4Step 4: Determine Oxidation States in Reaction (b)

In the reaction \( \mathrm{Si}(\mathrm{s})+2 \mathrm{Cl}_{2}(\mathrm{g}) \rightarrow \mathrm{SiCl}_{4}(\ell) \), silicon initially has an oxidation state of 0 and chlorine in \( \mathrm{Cl}_{2} \) is also 0. In \( \mathrm{SiCl}_{4} \), silicon has an oxidation state of +4 and each chlorine has an oxidation state of -1.

5Step 5: Identify Changes and Assign Oxidized and Reduced Reactant in Reaction (b)
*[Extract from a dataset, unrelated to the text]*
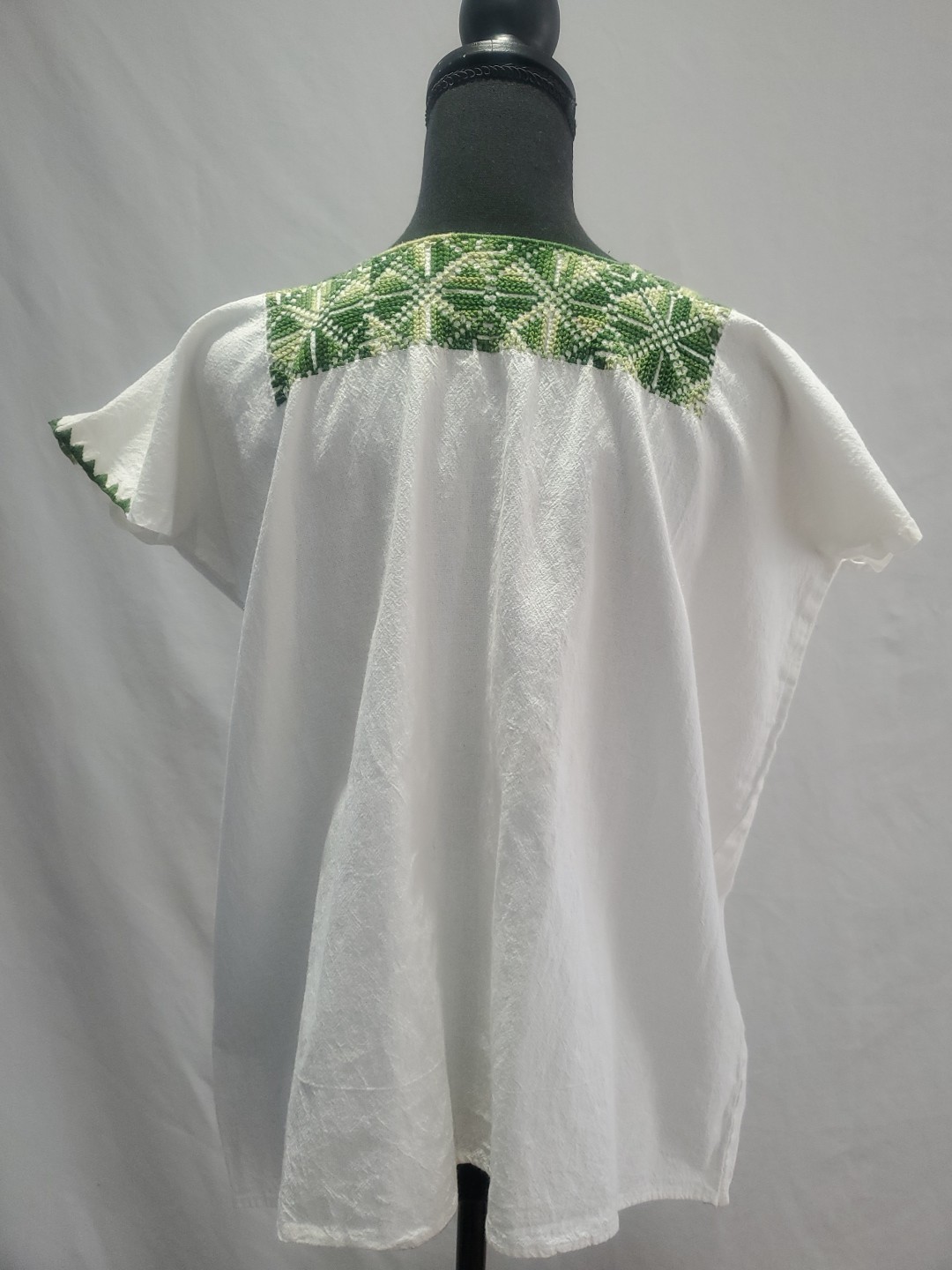 Ladies Mexican Huipil, Cream With Green Embroidery, sz 10/12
Silicon is oxidized from 0 to +4, losing electrons, while chlorine is reduced from 0 to -1, gaining electrons.

6Step 6: Determine Oxidizing and Reducing Agents in Reaction (b)

Silicon acts as the reducing agent because it is oxidized, while \( \mathrm{Cl}_{2} \) acts as the oxidizing agent as it is reduced.

Key Concepts

Oxidation StatesOxidizing AgentReducing Agent

Oxidation States

In any redox (reduction-oxidation) reaction, understanding oxidation states is crucial. An oxidation state represents the theoretical charge an atom would have if all bonds were ionic. It helps us track how electrons are transferred between atoms.
In general, oxidation involves an increase in oxidation state, while reduction involves a decrease. Let's look at an example from the mentioned reactions.
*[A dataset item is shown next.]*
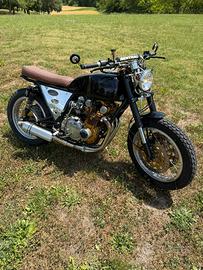Suzuki CafeRacer GS550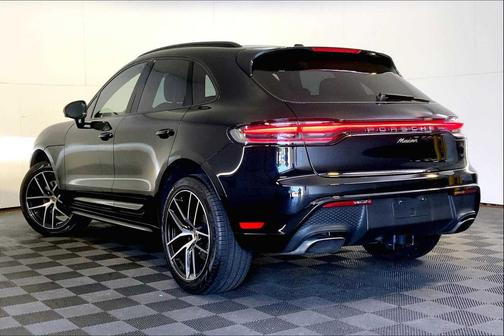 2025 Porsche Macan AWD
For reaction (a) \(\mathrm{C}_2\mathrm{H}_4 + 3\mathrm{O}_2 \rightarrow 2\mathrm{CO}_2 + 2\mathrm{H}_2\mathrm{O}\), the carbon in \(\mathrm{C}_2\mathrm{H}_4\) starts with an oxidation state of -2.
Each hydrogen contributes a +1 oxidation state.
For oxygen, \(\mathrm{O}_2\) starts at 0 and becomes -2 in \(\mathrm{H}_2\mathrm{O}\) and \(\mathrm{CO}_2\).
For reaction (b) \(\mathrm{Si} + 2\mathrm{Cl}_2 \rightarrow \mathrm{SiCl}_4\), silicon starts at an oxidation state of 0 and changes to +4.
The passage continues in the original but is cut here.